Masih belum dapat dipastikan berapa banyak pejuang musuh yang tewas dalam operasi tersebut. Beberapa pejabat AS memperkirakan sebanyak 500 pejuang Al Qaeda tewas, namun pejuang Afghanistan mengatakan hanya 25 mayat yang ditemukan selama penyisiran awal di wilayah tersebut. Yang lainnya mungkin terkubur di gua-gua yang runtuh selama pemboman.
Para pejabat AS dan Afghanistan juga tidak yakin berapa banyak pejuang yang melarikan diri dan mencoba melarikan diri ke Pakistan. Helikopter serang AS berpatroli di wilayah tersebut pada hari Kamis, mencoba menemukan kantong-kantong korban selamat Al Qaeda.
Juru bicara Pentagon Victoria Clarke mengatakan pada hari Rabu bahwa pertempuran di wilayah Shah-e-Kot “sebagian besar telah berakhir” dan pasukan berada dalam “fase eksploitasi”, pergi dari gua ke gua untuk mencari mayat, senjata dan informasi intelijen.
“Perjalanan kita masih panjang di Afghanistan,” dia memperingatkan.
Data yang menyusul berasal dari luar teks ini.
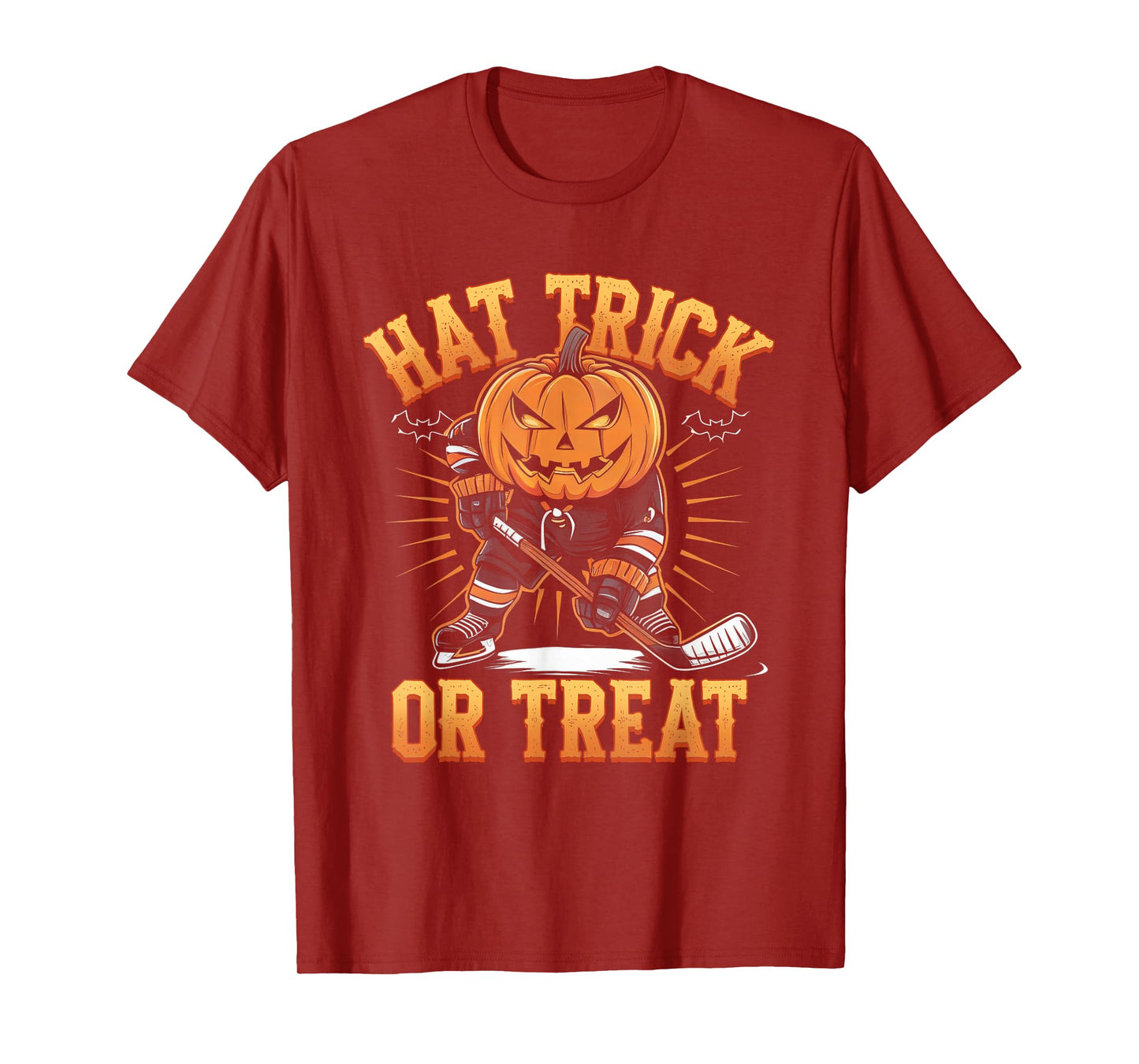 Halloween Hat Tricks Or Treat Ice Hockey Player Pumpkin Head T-Shirt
Para pejabat Amerika dan Afghanistan yakin masih ada kantong pengungsi al-Qaeda dan Taliban di beberapa provinsi selatan dan tengah, serta di Pakistan.
Di Berlin, pemimpin pemerintahan sementara Afghanistan, Hamid Karzai, mengatakan pada hari Kamis bahwa ia yakin pejuang Taliban dan al-Qaeda masih menjadi ancaman bagi stabilitas negaranya.
“Tidak ada keraguan bahwa akan ada kantong-kantong terorisme di tempat lain di negara ini,” kata Karzai.
Para pejabat AS berharap untuk mencegah terulangnya penerbangan dari Tora Bora, kompleks gua yang dirusak oleh pasukan AS selama berminggu-minggu pada bulan Desember karena dicurigai ada bin Laden di dalamnya.
Milisi Afghanistan dari wilayah tersebut melakukan sebagian besar pertempuran darat di Tora Bora, dan pihak berwenang AS mengatakan mereka yakin telah membiarkan banyak pejuang Al Qaeda melarikan diri ke Pakistan. Ketika Tora Bora akhirnya dikuasai, tidak ada tanda-tanda keberadaan bin Laden.